Get “the call” and be matched. If an open adoption, you may start talking to the birth mom and working with her agency to finalize the match paperwork and start paying fees. You will make several payments as the due date approaches. You may be asked to go to an ultrasound or meet the expecting mom before baby is born. You will also find a lawyer. If the adoption is out of state, the agency should be able to help you find an out of state lawyer.
Also, READ through all the forms you are signing with the agency/lawyer and make sure you understand them (it’s ok to ask questions and each agency may have its own policies you should be aware of.) Check our our Match page too.
Average total cost of adoption is around $40,000 according to American Adoptions.
Please check out our pinterest page for ideas:
Announce to family and friends (if you are comfortable doing that). Some couples decide not to share until the adoption is finalized. We couldn’t do that and even if the match failed we wanted our family and friends to share in our joy (and sorrow if it happened). We made fortune cookies (actually easier than you think via YouTube video) to tell our family and friends in a fun way. Who says adoption can’t be fun?
Have a baby shower if you want or wait and have a sprinkle afterwards (or multiple) and celebrate! If open adoption work on a good relationship with the birth mom and make sure you are supporting her. We had a friend’s celebration too which was a lot of fun.
Count down/pack/prepare. Get those final baby items. Pack if you are needing to travel/go out of state/country. Book your flights/hotel etc. Do research about where you are going.
Get a Pediatrician and Daycare lined up-Get a pediatrician to discuss concerns about and comfortable with-then have that information to be able to provide hospital where your baby is born. You will need this information once at the hospital to provide them at birth (so medical records can be transferred.
Get name on daycare lists asap.
Celebrating Adoption A nationwide program where high-end photographers donate their session fee and usually a free 8 X 10 for families who have adopted in the past 12 months. For more information, visit http://www.foundfamilies.com/to sign up/register for it!

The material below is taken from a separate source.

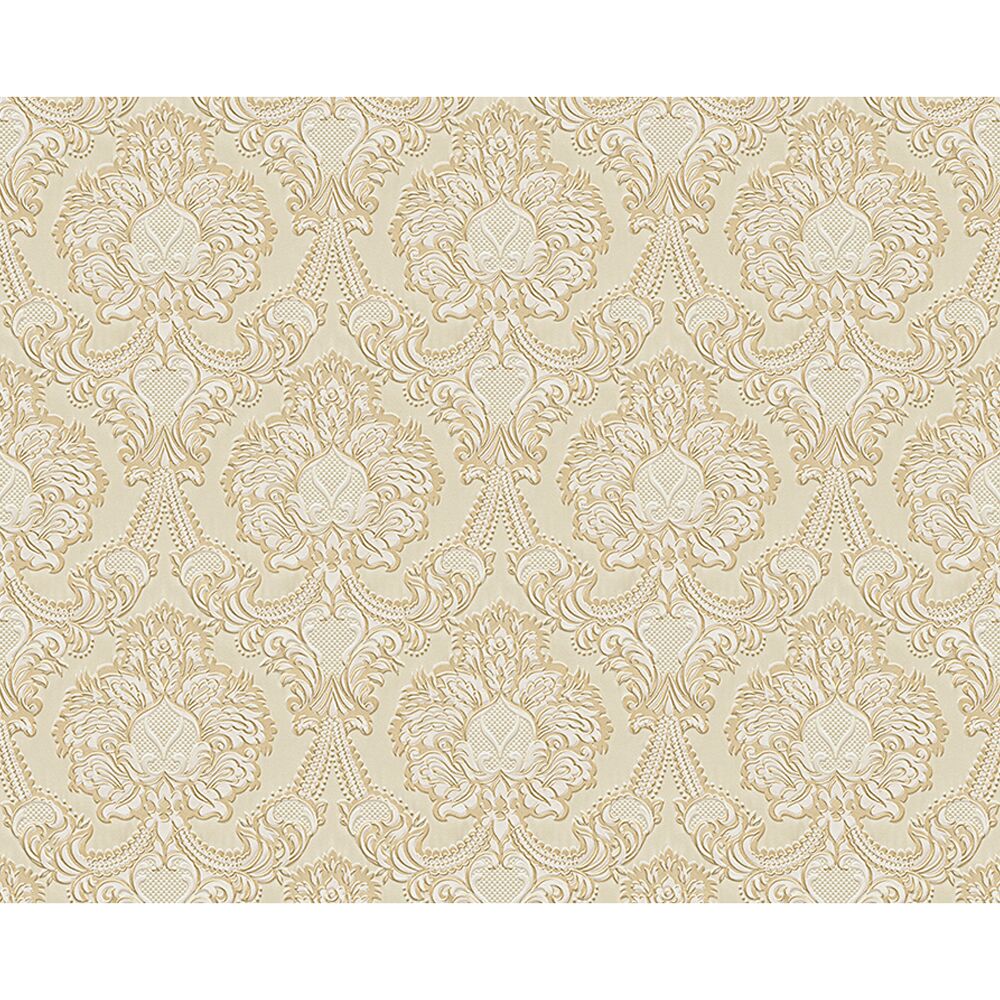 Beigefarbenes Tapetenmuster mit Ornamenten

Birth Enjoy and be in the moment which will be hard because you want to guard your heart in case birth mom changes her mind. Take pictures. Try not to worry or stress about things you can’t control. Please listen to this short video for the hospital. Talk to the attorney or agency about a gift for the birth family. Try to get something tangible that they/she can keep and thoughtful. Check out Etsy or our Pinterest page for more ideas.
Court hearing (make sure to get adoption decree). Your lawyer should prepare you with questions before hand and should have all your paperwork ready. Depending on the state/country you adopt from will determine when the court hearing is after birth.

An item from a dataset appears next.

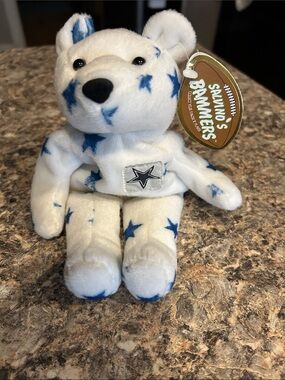 Dallas Cowboys Star Plush Bear - White with Blue Stars Troy Aikman #8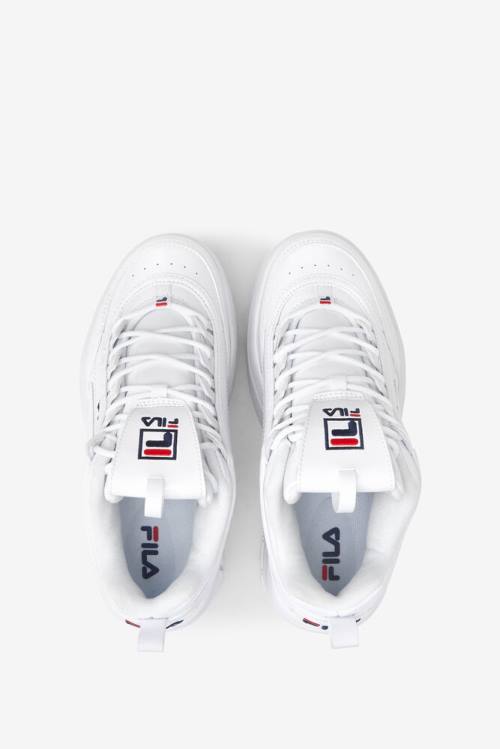 Fila Disruptor 2 Naisten Wedge Patent Tennarit Valkoinen Laivastonsininen Punainen | Fila529GK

Medical information transferred to current provider, if closed adoption apply for new social security card at the social security office (go online to see requirements-need form from doctor, birth certificate, and adoption decree), if open adoption be sure to get social security card, order/get birth certificate too (your lawyer should be able to assist you with this).
Adoption tax credit when doing taxes (be sure to keep records and receipts of all adoption payments). Most places will charge several hundred to do your taxes. We did turbo tax and bought the extra insurance-it recognized right away by our social security number that we adopted. The credit can be broken up in several years but total you should get about $13,000 back.

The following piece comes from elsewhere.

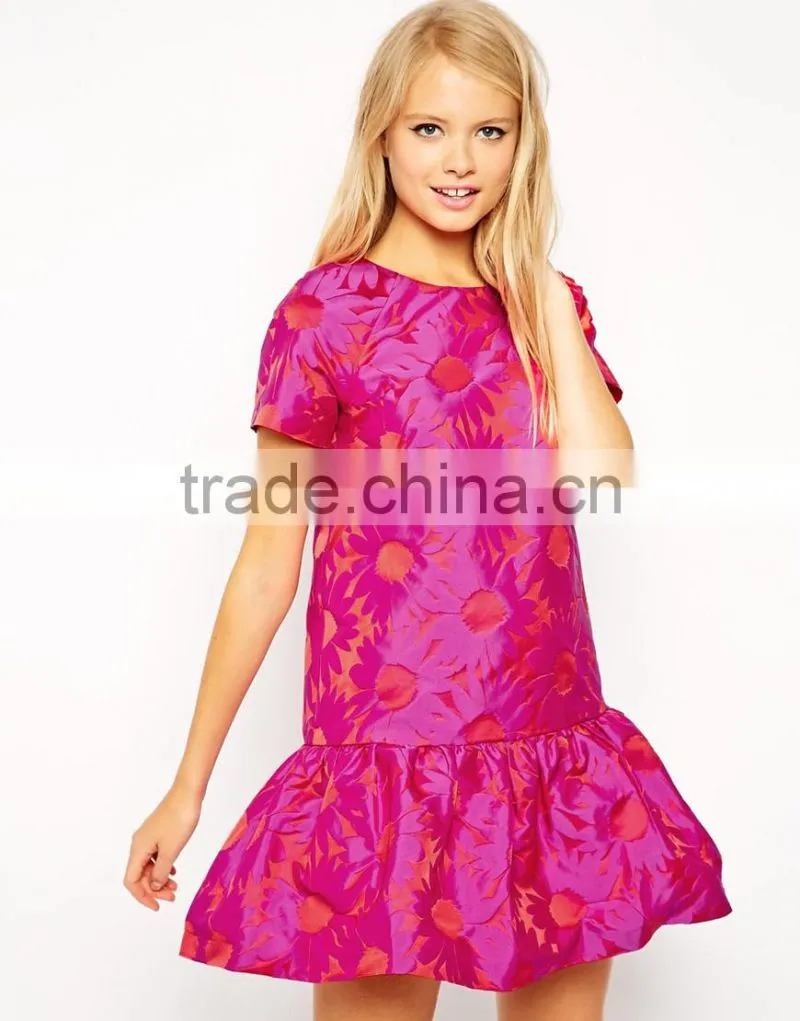 hift Dress in Floral Jacquard with Peplum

I hope this checklist helped and if I could add another to this list I would say find others who have gone through this experience. When you start to share with coworkers, friends, and family take note of people who have had experience with adoption either as a birth mother, adoptive parents, or adoptee. Also, seek our articles and local groups in the city you live in. It was so great to find some people to relate to, vent to, and to ask for guidance. I even asked coworkers, friends, and family to introduce me to strangers (who had gone through the adoption process) and I have now become close too. It was also nice to get other perspectives on the process and to have the community around, even post adoption.